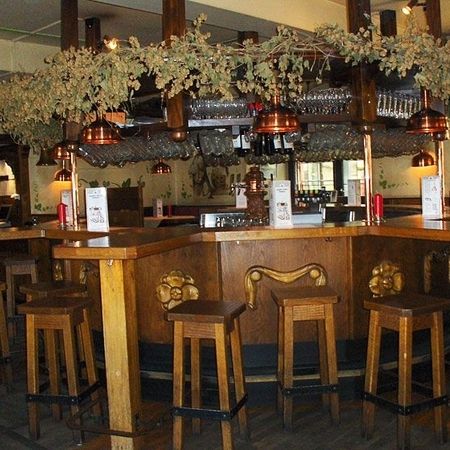 The bar in the Braustube with numerous stools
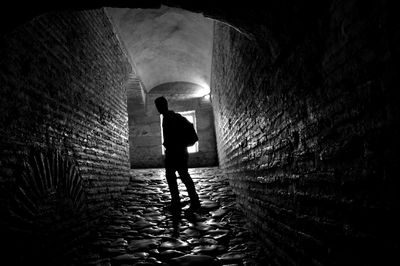 Silhouette man standing on walkway in building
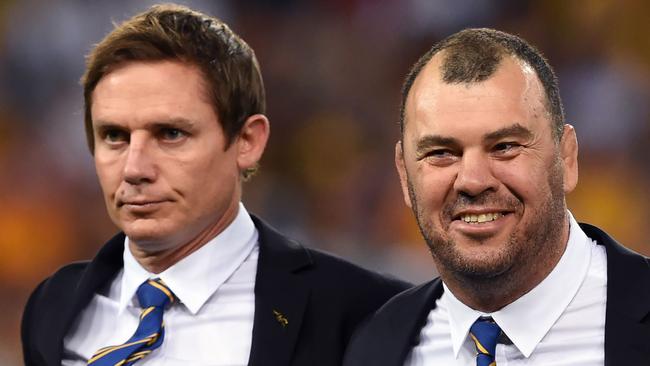 Stephen Larkham, left, as an assistant to departing Wallabies boss Michael Cheika. Picture: AFP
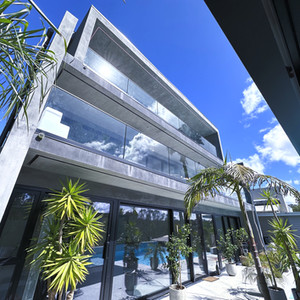 In-Situ Concrete Masonry Homes by Puddlefish Platt. Exterior View of Building Facade.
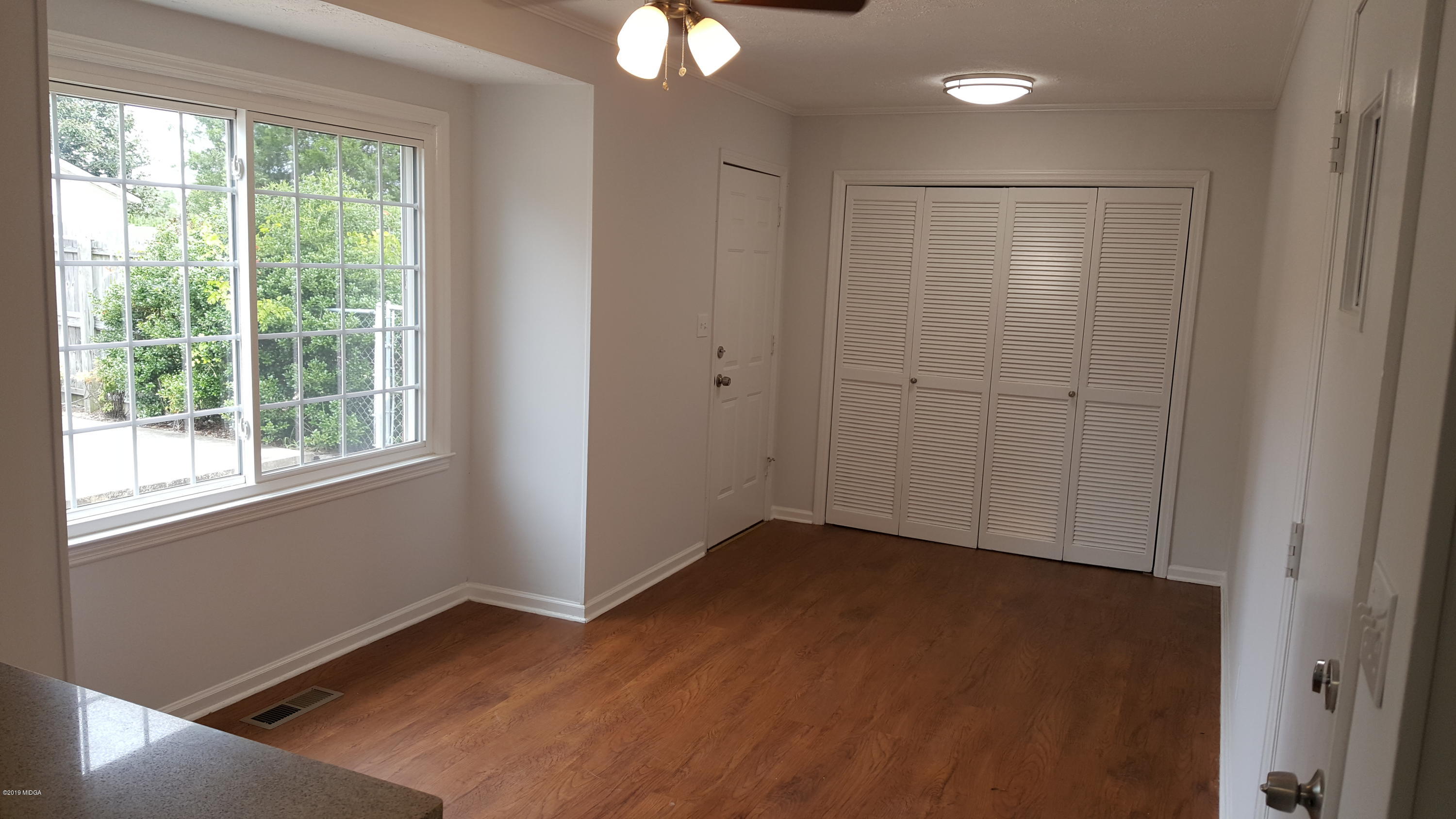5545 Marshall Mill Road Lizella, GA 31052 - Photo 4 of 12 a view of an empty room with wooden floor and a window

━━━━━━━━━━━━━━━━━━━━━━━━━━━━━━

**What you have to do**:
Set the lines down exactly as they stand, from the one containing "In-Situ Concrete Masonry" through the end of the listing, omitting every picture.

**Result of this exercise**:
 In-Situ Concrete Masonry Homes by Puddlefish Platt. Exterior View of Building Facade.
5545 Marshall Mill Road Lizella, GA 31052 - Photo 4 of 12 a view of an empty room with wooden floor and a window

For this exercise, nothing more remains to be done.